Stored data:
--

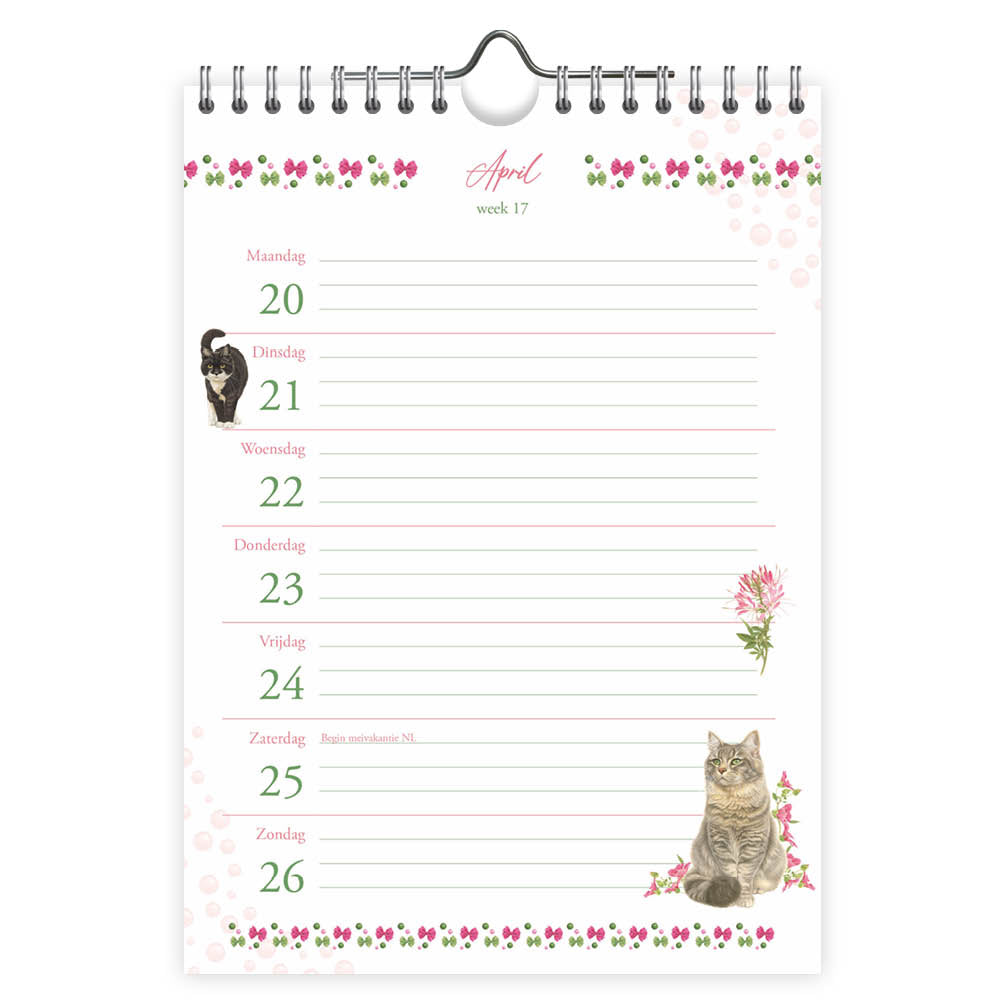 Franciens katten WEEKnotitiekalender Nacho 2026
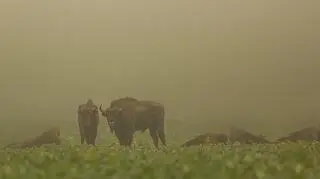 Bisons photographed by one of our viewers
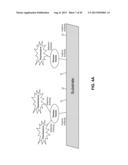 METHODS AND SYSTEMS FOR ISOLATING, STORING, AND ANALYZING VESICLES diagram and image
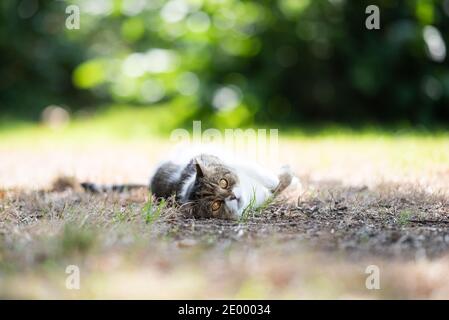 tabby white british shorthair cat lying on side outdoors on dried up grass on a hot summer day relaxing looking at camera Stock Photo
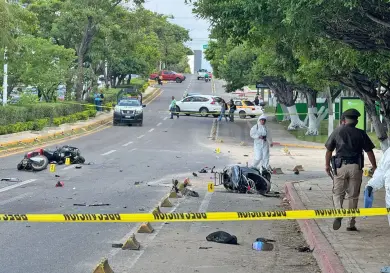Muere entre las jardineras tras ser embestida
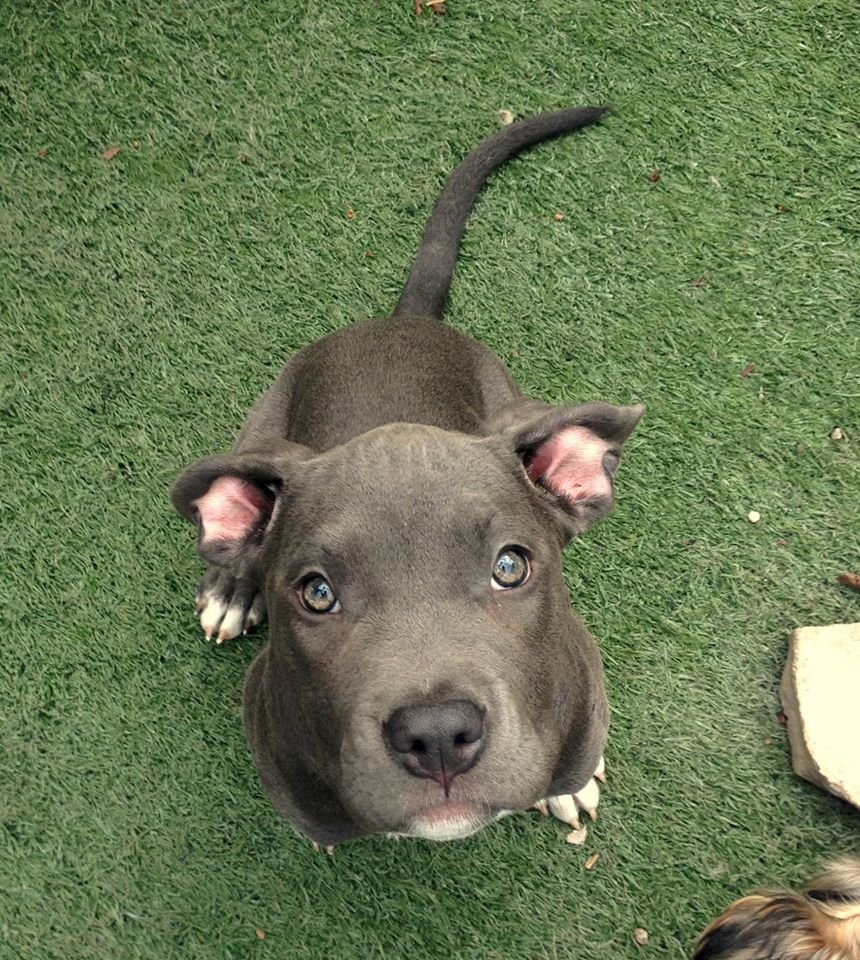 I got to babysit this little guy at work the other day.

--

Assignment → Any picture among the entries must be skipped; copy all else exactly.

Output of the exercise →
 Franciens katten WEEKnotitiekalender Nacho 2026
 Bisons photographed by one of our viewers
 METHODS AND SYSTEMS FOR ISOLATING, STORING, AND ANALYZING VESICLES diagram and image
 tabby white british shorthair cat lying on side outdoors on dried up grass on a hot summer day relaxing looking at camera Stock Photo
Muere entre las jardineras tras ser embestida
 I got to babysit this little guy at work the other day.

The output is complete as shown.